There is a natural transformation $f^*i_*\to i'_*f'^*$.
This arises by looking at the unit $id \to f'_*f'^*$ and precomposing with $i_*$ (and noting $i\circ f'=f\circ i'$) to get $i_* \to f_* i'_*f'^*$ which by adjunction gives $f^* i_* \to i'_*f'^*$. To get a feel for what this is, assume that all schemes are affine and you'll get an explicit description of this morphism. In the non-affine case, it is the globalisation of this morphism.
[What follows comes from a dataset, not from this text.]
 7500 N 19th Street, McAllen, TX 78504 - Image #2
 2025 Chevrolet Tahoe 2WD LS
Now the question is if it this canonically defined natural transformation is a natural isomorphism.
The question is local on $X$ so we may assume $X=\operatorname{Spec}A$ and so $Y'=\operatorname{Spec}(A/I)$ (since it is a closed subscheme of an affine scheme) where if $\mathcal{I}_Y$ is the ideal of $Y$ in $Z$, then $I=f'^*\mathcal{I}_Y A$.
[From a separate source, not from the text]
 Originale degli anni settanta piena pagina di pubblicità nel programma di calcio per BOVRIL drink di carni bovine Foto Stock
Thus let $\mathcal{F}\in \operatorname{Coh}(Y)$, then $i_*\mathcal{F}\in \operatorname{Coh}(Z)$ is annihilated by $\mathcal{I}_Y$ and so $f^*i_*\mathcal{F}$ is annihilated by $f^*\mathcal{I}_Y A$.
Now $f'^*\mathcal{F}$ is in $\operatorname{Coh}(\operatorname{Spec}(A/I))$ so too is annihilated by $f^*\mathcal{I}_YA$.
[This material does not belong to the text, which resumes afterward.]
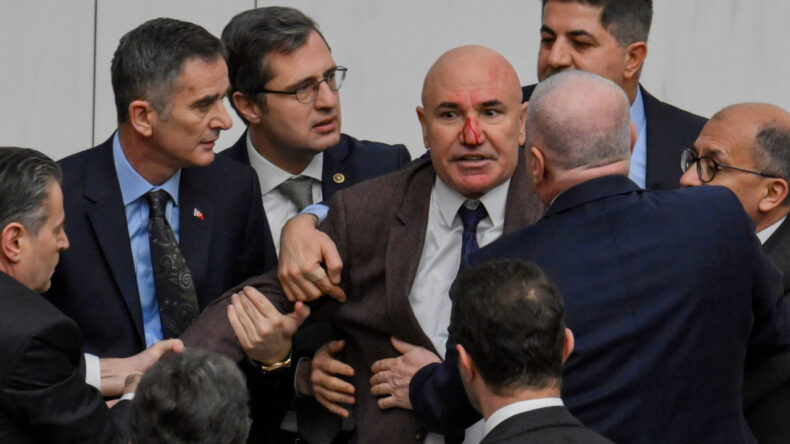 Mahmut Tanal'dan Kavga A&ccedil;ıklaması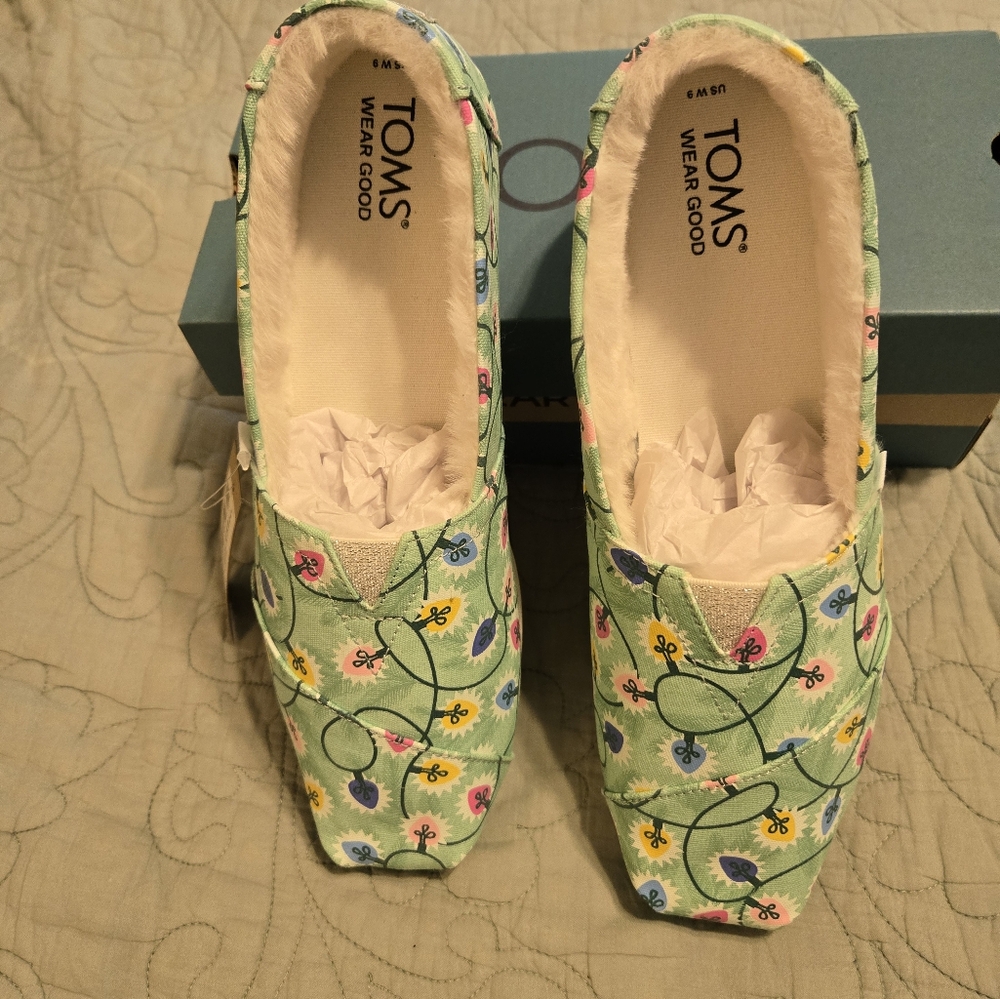 New Never Worn Toms Green Slippers with Signature Slip-On Design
In this case the natural morphism $f^*i_*\mathcal{F} \to i'_*f'^*\mathcal{F}$ corresponds to killing the ideal $f^*\mathcal{I}_YA =I\subset A$ (use the technique described above to understand this morphism explicitly).
But in this case this morphism is always an equivalence because of the following lemma (a commutative algebra fact phrased algebro-geometrically).
Lemma: Let $j:\operatorname{Spec}(A/I)\to \operatorname{Spec} A$ be closed immersion of affine schemes. Then $j_*:\operatorname{Coh}(A/I)\to \operatorname{Coh}(A)$ identifies $\operatorname{Coh}(A/I)$ with the subcategory $\operatorname{Coh}(A)_I\subset \operatorname{Coh}(A)$ consisting of sheaves in $\operatorname{Spec}(A/I)$ with the schematic structure. The inverse is given by the restriction of $j^*:\operatorname{Coh}(A)_I\to \operatorname{Coh}(A/I)$.